I have been trying to do No fap for as long as I can remember but have failed and nearly given up many times. I decided to no give up and keep trying. I first wanted to understand why do No fap in the first place?. Then I realised porn affect your brain in many ways, excess dopamine, shrinkage in brain, slows down brain activities. Porn and masturbation causes social anxiety, shame, escapism from life issues, running from real intimate relationships, destroys time with friends and family, causes emotional burdens and many more. All these were the why I needed to do no fap. Recently I had a 3 day binge but as at now I’m at 3 days. I’m doing a 30 day challenge and watching videos or Dr. Trish on YouTube for advice and ways to tackle this addiction.
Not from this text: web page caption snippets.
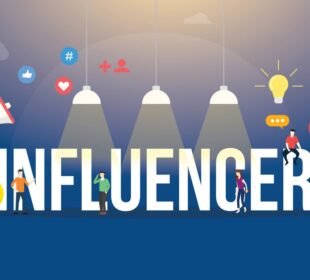 influencer big words text with team people and social media icon with modern flat style - vector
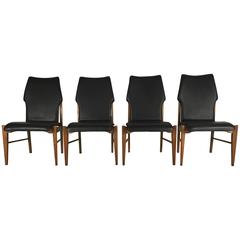 Set of Four Mid-Century Modern High Back Dining Chairs in Walnut by Lane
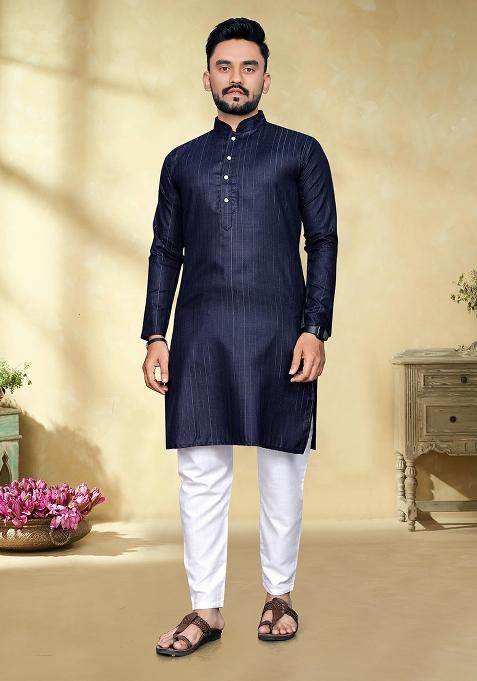 Navy Blue Slub Cotton Silver Weaving Mens Kurta Pyjama For Men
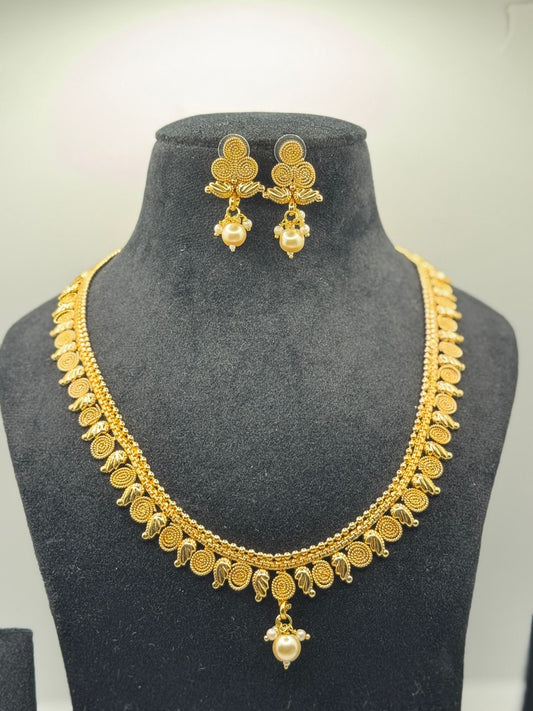 Timeless Elegance: Gold-Plated Traditional Long Necklace Set with mango and paisley inspired motif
Everyday I want to check in here to say how my day went want I learnt and how these affect my journey to freedom from porn and masturbation.
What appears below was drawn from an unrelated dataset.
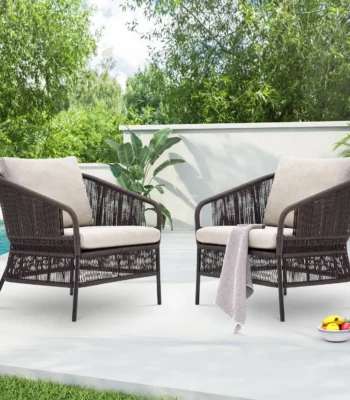 2-Piece Outdoor Rope Single Seater Sofa with Cushions for Patio and Garden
Today I made 4 days, I wouldn’t say it’s been easy, today I had urges and I wanted to go back to feeling of instant gratification but I applied the advice I had both here and from other sources and I finally made it through the day. I will keep up the habits that help me succeed and will take note of the things that cause me to fail. I keep going not fearing failure and giving it my all.
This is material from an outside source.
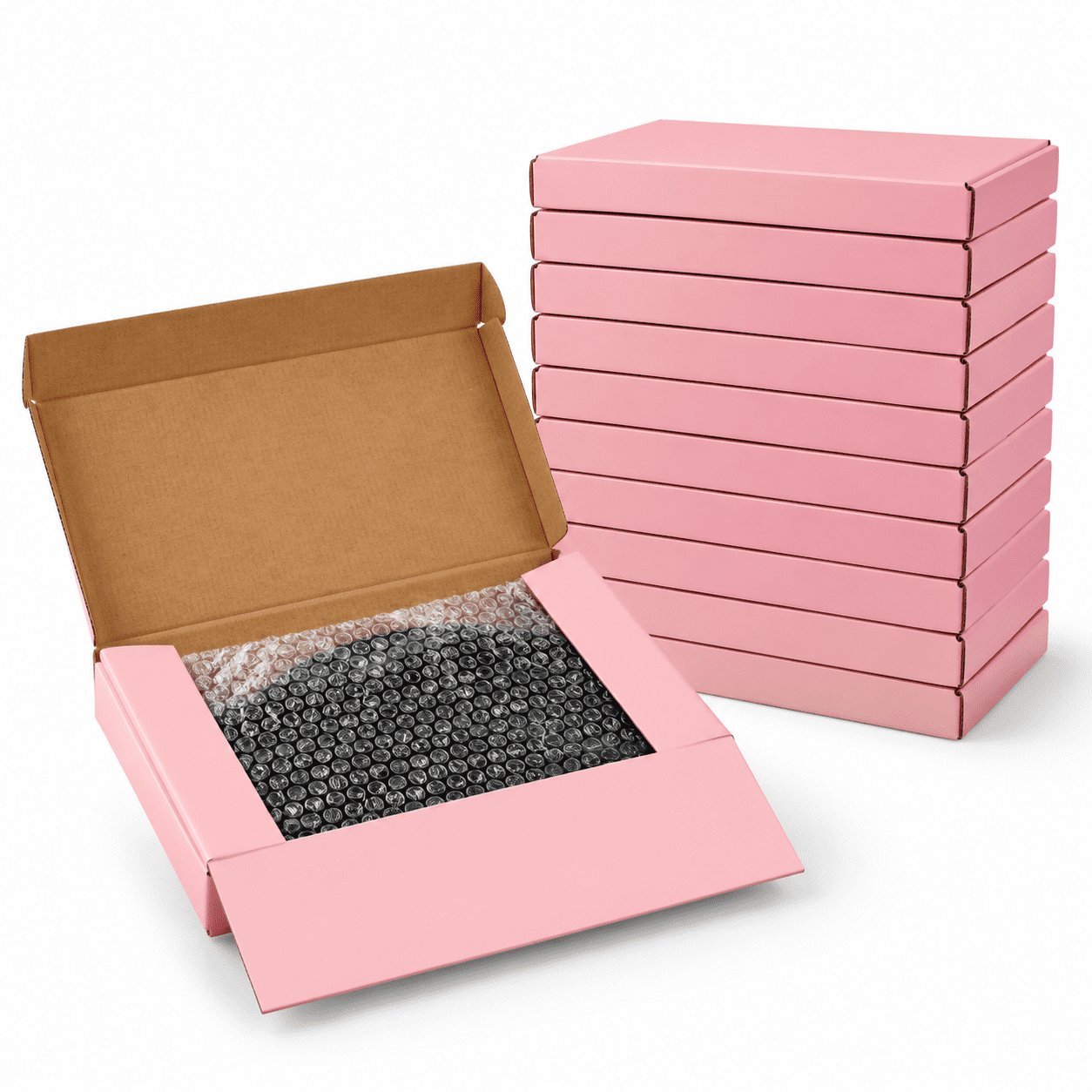 Pink Vinyl Record Shipping Boxes, 10 Sets with Mailers, Stickers, and ...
I listened to my brain once again, I relapsed on my fifth day, I now feel the pain of going back to zero. But I realized a truth you can’t battle a thought with a though but with action. I hate what happen but I think I’m strong enough to pick myself up and learn from the relapsed. The reason I went back to porn and masturbation was because I was feeling a certain mood and wanted the dopamine rush, and because of this high dopamine levels I get from porn, normal activities like watching anime, reading, texting friends and family no longer feel fun, I’m kinda bored outta my mind everytime. My greatest desire is to be free from this addiction because I want to enjoy every moment of my life as the come be it happiness or sadness, I want to experience life to the fullest.
I went to PMO again, maybe I was feeling bad about breaking my 4 day streak yesterday, this afternoon, I was lying down reading Manga and I suddenly got up and switched on my internet, maybe I was horny cause the Manga contained sexual content in some parts. I want to be honest with myself sometimes I wonder if it’s worth it, I mean all the things we do.
It’s been 14 days since I was last year, I haven’t been on a 14 day binge, during this last days I had my longest streak which was 7 days, and during the 14 days I had 3 relapsed currently my streak is two days and I’m on my third day. This is a difficult journey trying to deprive yourself of something that is easily accessible with just a click. It takes hardwork, support, commitment, and strength to get up when you fall. I wish everyone on thus journey to freedom Goodluck. We can do this.